Ironically, it’s not independence at all. Jasmine Kaur (name changed), 24, who works at a consulting firm says that with domestic help, keeping house isn’t as hard. “There is the odd time when you Google ‘how to make khichdi’, but whenever I want pampering, I just go back home!” Journalist Shibani Bedi, 26, lugs laundry home every weekend – “Bedsheets, jeans, you know, all the bigger clothes” – and returns with tonnes of food.
Look closely, and most solo dwellers don’t seem like such heroes. Their new little rentals are little more than a halfway home. But that’s all right, says psychoanalyst Kshetrapal. “Complete independence is a myth. One will always be dependent on some human beings.” And it gives parents a sense of purpose. Everybody’s happy.
(Don't) Look to Bollywood
In Hindi films, there are only about three reasons for somebody to move out of their parents’ house Pyaar/bhaag ke shaadi A la Bobby, Qayamat Se Qayamat Tak or even Ishaqzaade (they move into a brothel!) You’ve got to be young and in love. And very, very stupid “Mujhe aapki daulat, shauhrat, aisho-aaraam ki zindagi nahi chahiye”
This is usually combined with the pyaar. Rich boy meets poor girl, gets disillusioned with papa ke paise. Remember Sharaabi? Maine Pyar Kiya? Saathiya? The ideological fight with the parental units We really, really liked Wake up Sid. But then, Ranbir moves right back in.
We really need new movies! Is Bollywood listening?
Step-by-step guide to moving out
1. Find a house (make sure the landlords don’t impose curfew), find a responsible roommate.
2. Drop a hint to the parents. Complain about the traffic, the distance to work and the long hours
3. Wait a week. Drop another hint. This time, make it about learning to manage your own affairs.
4. Always break it to them gently with the prefix: “I don’t know if I’ll be able to manage on my own but...” Parents love it when their kids take up a challenge.
5. Make sure you have enough cash for rent, getting around, utilities, groceries, clothes, enough to splurge on occasional wild nights and also find money to save.

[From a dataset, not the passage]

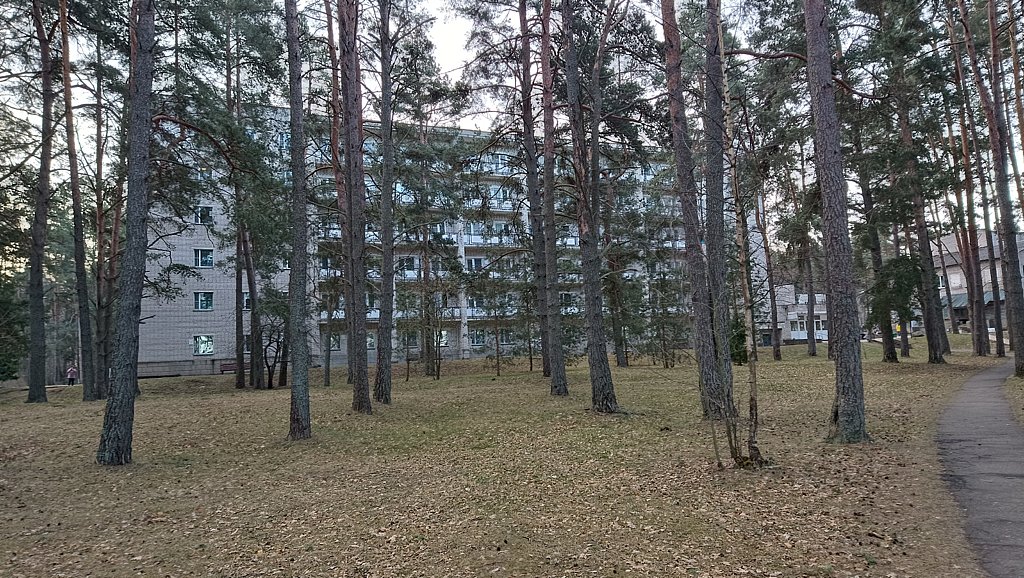 Фото из отзыва от 05.04.2025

6. Don’t let your friends crash over all the time or you’ll be the idiot cleaning up the mess.
7. Remember, laundry takes time! All the best!
Tips on going solo? turn to tv
The best lessons are on television. Not Hindi shows, please – nobody wants THAT kind of drama in their family. Here’s what you should watch:
Four 20-something-year-old girls trying to make it in New York City. Hannah (Lena Dunham) is a jobless writer, Marnie is an art-gallery assistant-turned-hostess, Jessa is a free spirit and Shoshanna is a prudist student with daddy’s money. The show is halfway through its second season, but it only takes the first episode to realise how difficult it is to survive on your own in the big, bad city (and how much fun). Take cues from Hannah, no salary, no handouts from Papa. That’s a hard life.

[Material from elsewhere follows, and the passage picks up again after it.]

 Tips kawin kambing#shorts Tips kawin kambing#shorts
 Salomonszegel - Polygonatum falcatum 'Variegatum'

Your living at home can be pretty darn awful for the parental units too! Oh, the drama! But just like this Australian show, living at home has its sweet moments.

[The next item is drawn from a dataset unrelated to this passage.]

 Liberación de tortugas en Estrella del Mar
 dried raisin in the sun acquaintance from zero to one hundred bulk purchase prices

Julie and Dave Rafter were going to finally have the house to themselves, except the family starts trickling back in. Nathan and his wife Sammy are trying to save money by moving back in.
Rachel’s boyfriend is an abusive junkie. She’s a mess and back home.
And Ben? Well. He only moved next door.
There’s oodles of drama. It’s an Indian situation by default. You’ll realise your family isn’t the only oddball.